Con mayúscula y en contra de las normas de los escritores (y de algunos artistas), Frida Kahlo pintó una sandía enorme que en su interior contenía esa oración. Algunos humanos, no nacimos para ser normales y sí que cansa ir contra la corriente pero ese es el precio de saborear esta existencia que sólo comprendemos única cuando se va de las manos (o cuando somos felices). Tenía unos 13 años cuando en una clase debíamos elegir algún personaje histórico y a pesar de ser un colegio masculino, de machos de pura cepa, la elegí a ella, a Frida. Me fascinaba su androginia, la ternura de sus cuadros y la fuerza de su amor. Esto, a pesar de ser una heroinómana, entregada a una dependencia enfermiza de Diego Rivera.

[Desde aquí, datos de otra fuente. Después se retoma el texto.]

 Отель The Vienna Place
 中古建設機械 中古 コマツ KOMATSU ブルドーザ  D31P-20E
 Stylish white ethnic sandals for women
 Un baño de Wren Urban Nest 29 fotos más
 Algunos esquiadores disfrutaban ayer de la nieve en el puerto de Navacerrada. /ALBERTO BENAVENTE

Y hoy vine a escribir eso, en un país, que al igual que el mío, lleva clavado en sus historias la descripción más oscura de la muerte, la guerra, el racismo y la represión social.

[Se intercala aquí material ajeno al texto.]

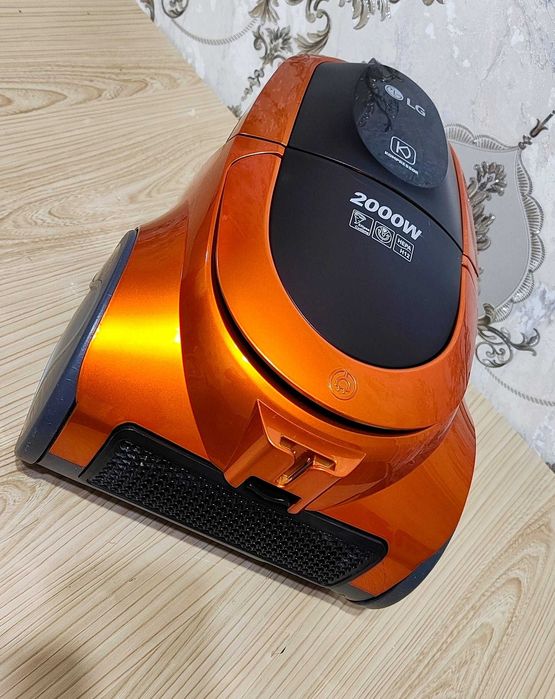 пилесос LG Kompressor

Y es que hay que decirlo ¡que viva la vida!, con todos sus problemas que son el impulso vibrante de los humanos que queremos saberlo todo, o por lo menos un poquito. Que viva, entre la sensualidad delirante de los orgasmos y consciente de las habitaciones repletas de impotentes sexuales. Que viva, aunque ser pobre a menudo sea una condena para unos y el usufructo de otros. Que viva, que ruja, que estalle. Que se mezcle en el respirar suave de las madres y sus crías, y en la tierna asfixia de quienes se despiden del planeta. Que no nos pase sin saborearla. Que se deje percibir, en cada área de la lengua. Que se excite silenciosamente en las habitaciones más aburridas y en los peores dramas. Que nos recuerde que a pesar de los gobiernos macondianos, hay ríos de colores, frutas cuyos aromas son delitos morbosos y caminos plagados de mestizos con los ojos del color del cielo.
No sé si haya algo mejor pero de alguna forma creo, que valió la pena, a pesar de ella misma.